Easing cyclone swell, rebuilding SE swell from a Tasman Low
South-east Queensland and Northern NSW Surf Forecast by Ben Matson (issued Wednesday 12th March)
Best Days: Most days should have great waves at most coasts, though you'll generally have to look for some protection from the S'ly breeze.
Recap: Tuesday saw residual trade swell in the 2-3ft range across the SE Qld and Far Northern NSW coasts, whilst the Mid North Coast picked up a building S’ly swell that peaked early this morning with 4-6ft sets across south facing beaches south of Byron, and much smaller surf north of the border. A building E/NE swell from TC Cook also built throughout the day, reaching 3-5ft at exposed beaches in SE Qld and Far Northern NSW. This swell is now staring to filter down the East Coast.
Late session at Noosa Heads
This week (Apr 13 - 14)
Thanks for the feedback on the change in writing style. Seems there’s more support for the old style (grumble grumble! ha).
It was interesting to see the ASCAT and Windsat passes from TC Cook once it crossed New Caledonia on Tuesday - the recorded winds from the satellites didn’t match what the models had been suggesting, so confidence dropped for the E/NE cyclone swell. However, it still came in as per Monday’s expectations.

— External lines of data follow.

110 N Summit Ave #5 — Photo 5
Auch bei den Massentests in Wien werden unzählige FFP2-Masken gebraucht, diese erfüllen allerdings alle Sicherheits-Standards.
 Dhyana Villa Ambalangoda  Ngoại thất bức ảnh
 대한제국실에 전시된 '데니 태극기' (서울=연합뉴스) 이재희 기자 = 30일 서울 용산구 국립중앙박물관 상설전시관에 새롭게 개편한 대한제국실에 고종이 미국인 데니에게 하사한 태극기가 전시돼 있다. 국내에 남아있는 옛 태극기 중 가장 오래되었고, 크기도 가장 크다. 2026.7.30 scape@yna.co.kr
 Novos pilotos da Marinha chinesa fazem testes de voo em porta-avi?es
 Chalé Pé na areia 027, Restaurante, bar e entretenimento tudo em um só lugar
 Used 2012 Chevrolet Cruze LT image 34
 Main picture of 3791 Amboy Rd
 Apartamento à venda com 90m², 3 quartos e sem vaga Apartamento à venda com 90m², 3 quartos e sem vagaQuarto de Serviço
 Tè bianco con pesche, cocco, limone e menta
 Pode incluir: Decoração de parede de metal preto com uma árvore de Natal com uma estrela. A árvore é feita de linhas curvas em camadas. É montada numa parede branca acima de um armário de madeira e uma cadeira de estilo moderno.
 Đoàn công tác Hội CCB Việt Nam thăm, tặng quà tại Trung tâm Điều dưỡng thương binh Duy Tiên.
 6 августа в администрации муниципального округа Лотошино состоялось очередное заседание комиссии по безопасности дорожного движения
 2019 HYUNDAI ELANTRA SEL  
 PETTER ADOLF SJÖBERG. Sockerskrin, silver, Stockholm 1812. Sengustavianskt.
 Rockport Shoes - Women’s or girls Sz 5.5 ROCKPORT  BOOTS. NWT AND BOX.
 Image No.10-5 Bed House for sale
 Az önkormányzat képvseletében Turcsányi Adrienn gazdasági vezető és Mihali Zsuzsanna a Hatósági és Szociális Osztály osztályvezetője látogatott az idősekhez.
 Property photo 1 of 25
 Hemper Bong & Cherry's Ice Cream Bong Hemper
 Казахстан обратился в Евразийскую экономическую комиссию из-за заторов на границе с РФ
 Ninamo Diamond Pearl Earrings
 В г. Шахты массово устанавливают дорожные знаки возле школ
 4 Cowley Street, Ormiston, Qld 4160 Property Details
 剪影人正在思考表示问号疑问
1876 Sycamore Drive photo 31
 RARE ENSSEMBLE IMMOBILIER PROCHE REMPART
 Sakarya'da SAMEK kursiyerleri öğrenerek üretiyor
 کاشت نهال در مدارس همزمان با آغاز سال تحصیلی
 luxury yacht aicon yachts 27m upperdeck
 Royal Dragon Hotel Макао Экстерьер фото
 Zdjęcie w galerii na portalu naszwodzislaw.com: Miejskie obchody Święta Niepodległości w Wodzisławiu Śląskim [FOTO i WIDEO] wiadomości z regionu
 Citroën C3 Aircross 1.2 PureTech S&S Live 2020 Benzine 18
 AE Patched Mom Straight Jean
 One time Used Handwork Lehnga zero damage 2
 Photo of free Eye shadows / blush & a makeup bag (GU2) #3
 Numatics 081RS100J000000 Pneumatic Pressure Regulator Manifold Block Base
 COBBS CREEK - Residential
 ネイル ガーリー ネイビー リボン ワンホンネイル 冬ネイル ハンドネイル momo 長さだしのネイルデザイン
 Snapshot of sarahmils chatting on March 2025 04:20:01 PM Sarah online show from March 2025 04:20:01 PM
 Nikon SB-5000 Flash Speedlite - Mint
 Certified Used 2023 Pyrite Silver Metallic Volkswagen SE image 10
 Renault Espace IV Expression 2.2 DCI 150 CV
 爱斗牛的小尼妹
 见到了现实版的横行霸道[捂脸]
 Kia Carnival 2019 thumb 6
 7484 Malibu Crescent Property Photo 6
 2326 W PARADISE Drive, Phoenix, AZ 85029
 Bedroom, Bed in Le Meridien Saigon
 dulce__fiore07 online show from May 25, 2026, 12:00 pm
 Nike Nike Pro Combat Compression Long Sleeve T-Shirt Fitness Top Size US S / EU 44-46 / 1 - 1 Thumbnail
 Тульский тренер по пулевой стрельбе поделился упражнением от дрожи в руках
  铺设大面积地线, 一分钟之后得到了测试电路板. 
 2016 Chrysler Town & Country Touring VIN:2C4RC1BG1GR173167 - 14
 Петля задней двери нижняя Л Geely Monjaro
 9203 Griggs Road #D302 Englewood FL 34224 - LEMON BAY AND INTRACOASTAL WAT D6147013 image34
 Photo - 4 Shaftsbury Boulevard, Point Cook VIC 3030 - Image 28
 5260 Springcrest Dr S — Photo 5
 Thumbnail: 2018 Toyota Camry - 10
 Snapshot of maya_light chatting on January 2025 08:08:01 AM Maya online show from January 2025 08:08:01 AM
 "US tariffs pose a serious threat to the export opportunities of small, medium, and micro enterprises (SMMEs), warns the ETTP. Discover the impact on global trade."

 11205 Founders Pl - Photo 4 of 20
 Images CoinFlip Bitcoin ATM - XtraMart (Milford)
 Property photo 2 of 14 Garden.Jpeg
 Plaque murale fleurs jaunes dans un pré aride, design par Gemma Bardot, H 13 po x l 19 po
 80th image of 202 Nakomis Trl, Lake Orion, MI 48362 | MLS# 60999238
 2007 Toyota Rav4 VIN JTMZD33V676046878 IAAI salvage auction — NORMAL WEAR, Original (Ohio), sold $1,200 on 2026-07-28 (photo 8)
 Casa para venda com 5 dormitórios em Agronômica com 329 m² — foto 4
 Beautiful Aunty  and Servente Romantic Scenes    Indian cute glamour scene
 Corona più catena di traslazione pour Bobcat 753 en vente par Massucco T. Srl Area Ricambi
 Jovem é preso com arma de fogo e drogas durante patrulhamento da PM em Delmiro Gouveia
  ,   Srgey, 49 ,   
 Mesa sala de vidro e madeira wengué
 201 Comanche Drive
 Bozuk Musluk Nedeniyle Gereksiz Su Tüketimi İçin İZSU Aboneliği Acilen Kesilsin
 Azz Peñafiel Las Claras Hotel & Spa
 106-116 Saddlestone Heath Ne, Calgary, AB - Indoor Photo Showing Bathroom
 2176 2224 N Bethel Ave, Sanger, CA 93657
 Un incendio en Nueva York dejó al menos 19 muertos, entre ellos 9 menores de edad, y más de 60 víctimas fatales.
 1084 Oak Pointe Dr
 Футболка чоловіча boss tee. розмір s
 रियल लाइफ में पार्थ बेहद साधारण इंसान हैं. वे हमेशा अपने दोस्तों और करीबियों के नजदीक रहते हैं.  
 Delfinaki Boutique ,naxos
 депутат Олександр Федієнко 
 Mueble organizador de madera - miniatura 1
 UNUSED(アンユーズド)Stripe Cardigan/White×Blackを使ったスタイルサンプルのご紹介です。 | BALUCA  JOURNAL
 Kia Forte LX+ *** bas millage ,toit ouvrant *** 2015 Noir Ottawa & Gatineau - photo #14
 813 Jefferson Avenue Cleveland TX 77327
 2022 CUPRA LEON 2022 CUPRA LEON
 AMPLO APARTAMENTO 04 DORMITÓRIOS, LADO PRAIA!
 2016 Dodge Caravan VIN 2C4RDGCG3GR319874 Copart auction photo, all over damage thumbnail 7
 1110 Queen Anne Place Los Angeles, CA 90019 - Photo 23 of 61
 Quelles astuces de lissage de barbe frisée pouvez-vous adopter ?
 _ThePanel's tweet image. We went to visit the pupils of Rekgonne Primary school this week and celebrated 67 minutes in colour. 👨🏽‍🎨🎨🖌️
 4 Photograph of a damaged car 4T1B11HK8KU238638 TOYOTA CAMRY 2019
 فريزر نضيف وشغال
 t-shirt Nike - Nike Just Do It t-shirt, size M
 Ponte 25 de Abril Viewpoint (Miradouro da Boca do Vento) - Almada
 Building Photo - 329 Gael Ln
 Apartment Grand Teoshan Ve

Interestingly, the latest model runs (from this morning) have also increased their size projections - our Gold Coast data point now has 2ft E/NE swell for this morning, building to 3-4ft this afternoon, which is close to what was experienced (on Monday, it only expected 2ft from the E/NE, but I dismissed this and aimed higher). It’s odd that this “upgrade” occured right on the day though - we have no manual intervention with the model - if anything I would have expected the satellite data input to have pulled back estimations.
Anyway, this is a moot point - we have a quality E/NE groundswell in the water, so I hope you’ve made the most of it as it’s going to trend down steadily through Thursday.
If the model guidance is to be believed (and I’m not 100% confident, given the ups and downs of the last few days) we’re looking at an overnight peak and then 3ft sets on the Gold Coast Thursday morning easing to 2ft throughout the day. I think this is a plausible figure, though I wouldn’t be surprised if the dropping trend occurs earlier than forecast. TC Cook lasted only a brief time in our swell window, so the swell it generated for us will be a quick event.
As you track south from Byron, there’s a greater chance of seeing a longer duration of this swell event (because it’s expected to arrive later than locations further north, so it’ll consequently peak later). However, my confidence for swell potential from TC Cook decreases for this event the further south you head. TC Cook was a flukey system as it passed through the swell window - it initially had a SW track towards the SE Qld region but then swung away to the SE, so the time spent in the swell windows of more southern locations was a little more fleeting.
Otherwise, we have some new SE swell due over the coming days.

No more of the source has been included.